« Les trois essais sur la théorie de la sexualité » (4ème édition revue et augmentée)

Cet ouvrage essentiel de Freud, dont j’ai déjà souligné l’intérêt scientifique dans un précédent article1, vient d’être publié dans une quatrième édition augmentée de nombreux ajouts importants. La préface de cette nouvelle édition traite de la singulière dissociation dont la doctrine psychanalytique a été l’objet en ce qui concerne la reconnaissance officielle. Si, en dépit des hésitations et des réserves, la plupart de ses découvertes ont fini par être admises, seules les théories sexuelles de Freud continuent à rencontrer une vive résistance, qui va même jusqu’à entraîner la défection de certains de ses anciens partisans. L’auteur nous fournit d’ailleurs l’explication du sort particulier réservé à sa théorie sexuelle.

Le chapitre sur l'inversion a été considérablement augmenté. À l’encontre des affirmations des Uranistes qui se veulent une espèce humaine à part, Freud continue à affirmer la bisexualité originaire de tous les animaux supérieurs, y compris l’homme ; de cette bisexualité découlent l’hétérosexualité ou l’homosexualité par limitation plus ou moins importante des tendances vers son propre sexe. Parmi les facteurs constitutionnels qui prédisposent à l’inversion, Freud relève le narcissisme et la fixation à la zone anale. Il approuve par ailleurs la distinction conceptuelle que j’ai proposée de faire entre homoérotisme de sujet et homoérotisme d'objet2 mais fait remarquer que cette distinction n’est jamais nette dans la réalité. Par contre, le terme de névrose obsessionnelle que j’ai utilisé pour qualifier l’homoérotisme d’objet n’est pas retenu. Je dois reconnaître après coup le bien-fondé de cette critique ; j’aurais dû me borner à qualifier l’homoérotisme d’objet de névrose.

Les découvertes importantes de Steinnach sur les conséquences expérimentales de l’implantation de glandes pubertaires, etc. sont étudiées en détail et Freud expose la position de la psychanalyse à l’égard de ces faits nouveaux.

Dans un autre ordre d’idées, Freud montre que les observations et les expériences biologiques viennent confirmer la conception psychanalytique de la « période de latence sexuelle » en constatant que la puberté se divise en deux grandes phases séparées par une « phase intermédiaire ».

Quant aux perversions, on montre pour la première fois qu’elles ne représentent nullement un blocage à une étape précoce du développement mais des régressions à partir du stade de la primauté génitale au moment du refoulement du complexe d’Œdipe. Par conséquent, il ne faut pas faire une distinction de principe aussi tranchée entre les névroses et les cas de perversion qu’on rencontre dans notre pratique (et qui peuvent être guéries par la psychanalyse).

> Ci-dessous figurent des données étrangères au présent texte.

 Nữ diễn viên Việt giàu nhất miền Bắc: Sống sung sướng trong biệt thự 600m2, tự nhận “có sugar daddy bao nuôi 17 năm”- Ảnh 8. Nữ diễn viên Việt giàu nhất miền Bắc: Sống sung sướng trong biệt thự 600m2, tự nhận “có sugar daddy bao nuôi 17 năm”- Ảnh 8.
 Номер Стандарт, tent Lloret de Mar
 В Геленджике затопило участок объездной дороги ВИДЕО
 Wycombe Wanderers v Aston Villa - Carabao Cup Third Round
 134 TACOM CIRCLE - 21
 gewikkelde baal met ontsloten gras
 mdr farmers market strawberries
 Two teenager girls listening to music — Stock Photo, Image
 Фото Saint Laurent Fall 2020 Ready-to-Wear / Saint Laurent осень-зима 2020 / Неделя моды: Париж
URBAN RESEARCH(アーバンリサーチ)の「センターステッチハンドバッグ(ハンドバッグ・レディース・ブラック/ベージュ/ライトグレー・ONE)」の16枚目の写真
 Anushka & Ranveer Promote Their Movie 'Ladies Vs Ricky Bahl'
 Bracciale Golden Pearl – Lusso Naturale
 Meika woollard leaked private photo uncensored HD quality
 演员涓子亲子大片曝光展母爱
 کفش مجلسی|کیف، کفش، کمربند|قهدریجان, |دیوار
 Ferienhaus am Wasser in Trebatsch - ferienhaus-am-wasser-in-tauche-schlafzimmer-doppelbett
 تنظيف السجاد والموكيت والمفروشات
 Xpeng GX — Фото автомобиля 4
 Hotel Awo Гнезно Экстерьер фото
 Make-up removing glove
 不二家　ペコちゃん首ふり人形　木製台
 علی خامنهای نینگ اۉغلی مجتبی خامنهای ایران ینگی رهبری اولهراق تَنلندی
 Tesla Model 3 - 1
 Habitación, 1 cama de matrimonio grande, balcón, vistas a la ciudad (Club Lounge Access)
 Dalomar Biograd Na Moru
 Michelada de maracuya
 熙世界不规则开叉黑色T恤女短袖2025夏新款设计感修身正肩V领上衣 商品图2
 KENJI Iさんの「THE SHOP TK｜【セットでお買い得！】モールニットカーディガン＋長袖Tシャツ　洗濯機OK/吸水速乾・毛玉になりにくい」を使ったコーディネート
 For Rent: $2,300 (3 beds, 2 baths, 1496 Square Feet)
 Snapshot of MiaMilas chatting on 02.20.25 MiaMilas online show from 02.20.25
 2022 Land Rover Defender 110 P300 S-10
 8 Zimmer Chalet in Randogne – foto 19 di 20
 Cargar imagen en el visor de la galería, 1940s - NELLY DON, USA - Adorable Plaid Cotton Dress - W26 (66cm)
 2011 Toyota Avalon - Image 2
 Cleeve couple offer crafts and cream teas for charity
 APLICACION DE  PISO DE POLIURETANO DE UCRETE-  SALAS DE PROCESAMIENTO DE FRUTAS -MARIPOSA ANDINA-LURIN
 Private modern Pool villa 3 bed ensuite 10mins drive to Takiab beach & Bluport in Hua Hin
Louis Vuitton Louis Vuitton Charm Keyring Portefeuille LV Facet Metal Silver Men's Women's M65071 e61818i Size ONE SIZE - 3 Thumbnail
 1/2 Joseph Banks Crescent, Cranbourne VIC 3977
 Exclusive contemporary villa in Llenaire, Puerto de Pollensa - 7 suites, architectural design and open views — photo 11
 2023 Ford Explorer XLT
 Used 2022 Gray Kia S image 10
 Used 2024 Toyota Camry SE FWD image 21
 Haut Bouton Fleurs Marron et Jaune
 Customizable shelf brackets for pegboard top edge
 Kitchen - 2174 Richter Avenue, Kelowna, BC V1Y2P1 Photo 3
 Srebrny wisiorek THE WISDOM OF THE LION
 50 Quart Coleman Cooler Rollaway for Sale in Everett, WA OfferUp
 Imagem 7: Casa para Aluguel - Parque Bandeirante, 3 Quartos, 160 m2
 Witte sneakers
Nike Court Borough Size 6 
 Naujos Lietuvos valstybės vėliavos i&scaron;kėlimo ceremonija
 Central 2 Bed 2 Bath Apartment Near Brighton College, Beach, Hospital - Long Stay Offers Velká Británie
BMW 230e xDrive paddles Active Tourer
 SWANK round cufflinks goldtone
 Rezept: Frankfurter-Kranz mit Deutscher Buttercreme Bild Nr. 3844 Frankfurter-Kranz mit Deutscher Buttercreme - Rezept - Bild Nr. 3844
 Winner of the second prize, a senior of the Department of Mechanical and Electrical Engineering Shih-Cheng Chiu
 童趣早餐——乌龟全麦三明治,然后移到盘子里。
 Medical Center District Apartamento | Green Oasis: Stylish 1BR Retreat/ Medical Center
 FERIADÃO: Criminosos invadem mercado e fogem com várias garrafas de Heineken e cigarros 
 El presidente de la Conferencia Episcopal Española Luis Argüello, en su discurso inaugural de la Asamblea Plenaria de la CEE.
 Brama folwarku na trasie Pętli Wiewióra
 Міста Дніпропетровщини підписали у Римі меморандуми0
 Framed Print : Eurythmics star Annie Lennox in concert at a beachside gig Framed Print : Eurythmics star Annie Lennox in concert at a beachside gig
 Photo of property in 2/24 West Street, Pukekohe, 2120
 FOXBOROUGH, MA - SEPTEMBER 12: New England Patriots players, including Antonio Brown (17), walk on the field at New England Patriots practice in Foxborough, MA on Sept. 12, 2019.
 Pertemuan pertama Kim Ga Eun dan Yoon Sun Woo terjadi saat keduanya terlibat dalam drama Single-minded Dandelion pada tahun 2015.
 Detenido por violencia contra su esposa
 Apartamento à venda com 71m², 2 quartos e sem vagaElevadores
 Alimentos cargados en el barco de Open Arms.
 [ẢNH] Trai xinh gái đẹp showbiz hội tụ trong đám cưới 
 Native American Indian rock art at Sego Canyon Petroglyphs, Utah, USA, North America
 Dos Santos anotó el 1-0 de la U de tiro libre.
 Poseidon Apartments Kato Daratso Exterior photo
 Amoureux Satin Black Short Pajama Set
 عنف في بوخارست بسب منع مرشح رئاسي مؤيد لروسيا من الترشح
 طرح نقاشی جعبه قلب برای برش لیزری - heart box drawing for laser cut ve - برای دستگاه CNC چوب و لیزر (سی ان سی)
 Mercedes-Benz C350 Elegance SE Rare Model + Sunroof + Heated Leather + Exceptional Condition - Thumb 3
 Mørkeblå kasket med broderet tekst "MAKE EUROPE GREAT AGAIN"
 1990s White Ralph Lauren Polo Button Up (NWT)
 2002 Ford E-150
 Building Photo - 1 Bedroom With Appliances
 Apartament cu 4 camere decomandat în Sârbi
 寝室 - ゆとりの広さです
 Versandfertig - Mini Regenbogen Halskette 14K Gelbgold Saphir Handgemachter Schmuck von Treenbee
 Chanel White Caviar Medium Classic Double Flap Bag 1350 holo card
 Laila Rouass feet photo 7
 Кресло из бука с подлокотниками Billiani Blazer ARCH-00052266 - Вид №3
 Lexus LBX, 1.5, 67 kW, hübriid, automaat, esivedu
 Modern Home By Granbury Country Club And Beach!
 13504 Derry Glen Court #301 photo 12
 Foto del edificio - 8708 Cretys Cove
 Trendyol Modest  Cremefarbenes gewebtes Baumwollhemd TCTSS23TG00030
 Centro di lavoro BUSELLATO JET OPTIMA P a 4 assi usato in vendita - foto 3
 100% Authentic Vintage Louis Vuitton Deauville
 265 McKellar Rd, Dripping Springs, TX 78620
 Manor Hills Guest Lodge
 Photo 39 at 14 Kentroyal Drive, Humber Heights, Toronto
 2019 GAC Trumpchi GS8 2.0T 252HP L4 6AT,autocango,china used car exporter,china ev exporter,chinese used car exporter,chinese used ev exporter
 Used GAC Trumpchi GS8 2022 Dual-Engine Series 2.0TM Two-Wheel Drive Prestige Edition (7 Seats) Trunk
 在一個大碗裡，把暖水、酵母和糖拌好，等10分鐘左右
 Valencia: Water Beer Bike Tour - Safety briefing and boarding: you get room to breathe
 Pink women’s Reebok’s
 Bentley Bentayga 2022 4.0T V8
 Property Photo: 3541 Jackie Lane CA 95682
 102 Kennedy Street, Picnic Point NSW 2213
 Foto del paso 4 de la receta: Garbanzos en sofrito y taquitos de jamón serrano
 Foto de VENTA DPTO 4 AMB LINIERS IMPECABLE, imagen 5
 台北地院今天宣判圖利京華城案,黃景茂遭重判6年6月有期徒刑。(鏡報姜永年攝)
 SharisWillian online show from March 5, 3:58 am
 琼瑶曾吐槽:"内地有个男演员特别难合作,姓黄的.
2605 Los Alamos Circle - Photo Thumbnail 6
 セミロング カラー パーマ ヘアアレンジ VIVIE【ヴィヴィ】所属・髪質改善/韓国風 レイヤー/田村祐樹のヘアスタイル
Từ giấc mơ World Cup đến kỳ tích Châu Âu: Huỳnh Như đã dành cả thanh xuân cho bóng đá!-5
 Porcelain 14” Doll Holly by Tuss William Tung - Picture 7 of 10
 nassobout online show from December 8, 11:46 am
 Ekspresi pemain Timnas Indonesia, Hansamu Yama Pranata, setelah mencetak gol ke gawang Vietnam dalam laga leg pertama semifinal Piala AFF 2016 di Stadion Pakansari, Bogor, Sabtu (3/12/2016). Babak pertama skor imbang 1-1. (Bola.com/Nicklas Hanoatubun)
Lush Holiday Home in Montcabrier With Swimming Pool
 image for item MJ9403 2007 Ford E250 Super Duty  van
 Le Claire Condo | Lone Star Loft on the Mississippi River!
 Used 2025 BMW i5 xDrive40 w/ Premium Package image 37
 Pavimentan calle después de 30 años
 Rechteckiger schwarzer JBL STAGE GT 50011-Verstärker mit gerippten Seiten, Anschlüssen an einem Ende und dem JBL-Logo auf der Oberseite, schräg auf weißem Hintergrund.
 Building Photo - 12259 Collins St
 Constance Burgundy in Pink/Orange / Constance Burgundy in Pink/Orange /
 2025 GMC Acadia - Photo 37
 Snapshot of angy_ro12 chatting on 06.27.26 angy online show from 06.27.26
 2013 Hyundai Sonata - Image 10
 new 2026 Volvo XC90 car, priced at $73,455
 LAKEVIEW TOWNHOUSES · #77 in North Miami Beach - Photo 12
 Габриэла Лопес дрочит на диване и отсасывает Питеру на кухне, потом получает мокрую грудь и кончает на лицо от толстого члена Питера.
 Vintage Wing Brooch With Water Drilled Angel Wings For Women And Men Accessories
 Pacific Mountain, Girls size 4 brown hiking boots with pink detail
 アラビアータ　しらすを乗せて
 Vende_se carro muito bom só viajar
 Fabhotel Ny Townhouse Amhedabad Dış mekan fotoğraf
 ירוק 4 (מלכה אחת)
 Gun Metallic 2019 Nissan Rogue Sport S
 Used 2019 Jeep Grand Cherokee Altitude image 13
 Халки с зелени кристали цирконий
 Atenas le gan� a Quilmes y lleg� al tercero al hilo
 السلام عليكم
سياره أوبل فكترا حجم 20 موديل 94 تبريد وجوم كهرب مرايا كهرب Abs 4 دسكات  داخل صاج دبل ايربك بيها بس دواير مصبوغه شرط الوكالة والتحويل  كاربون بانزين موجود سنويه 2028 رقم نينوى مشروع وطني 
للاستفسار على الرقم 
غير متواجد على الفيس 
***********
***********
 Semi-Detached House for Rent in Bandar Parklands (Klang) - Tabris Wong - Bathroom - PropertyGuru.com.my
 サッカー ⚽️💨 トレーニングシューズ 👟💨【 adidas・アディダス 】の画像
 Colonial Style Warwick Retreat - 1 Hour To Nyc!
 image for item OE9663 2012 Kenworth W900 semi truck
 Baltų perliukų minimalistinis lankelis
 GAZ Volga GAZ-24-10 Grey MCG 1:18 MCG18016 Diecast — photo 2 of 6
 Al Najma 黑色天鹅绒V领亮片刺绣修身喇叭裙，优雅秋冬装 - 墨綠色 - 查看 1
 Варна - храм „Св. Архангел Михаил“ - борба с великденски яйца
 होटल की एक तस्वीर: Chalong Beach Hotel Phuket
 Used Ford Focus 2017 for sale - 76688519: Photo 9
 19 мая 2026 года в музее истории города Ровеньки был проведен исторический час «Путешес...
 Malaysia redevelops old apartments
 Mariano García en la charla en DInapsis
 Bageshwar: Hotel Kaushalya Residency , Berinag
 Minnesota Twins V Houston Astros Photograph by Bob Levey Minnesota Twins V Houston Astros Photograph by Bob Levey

Cette nouvelle édition tient compte des résultats les plus récents obtenus par les recherches psychanalytiques dans le domaine des organisations sexuelles (tel l’article d’Abraham sur la phase cannibale).

Faut-il encore le répéter, toute personne concernée par la psychanalyse se doit de connaître parfaitement cet ouvrage de Freud.


1 « L’importance scientifique des Trois Essais de Freud », dans Psychanalyse II, p. 177.

2 Cf. Ferenczi, « L’homoérotisme », Psychanalyse II.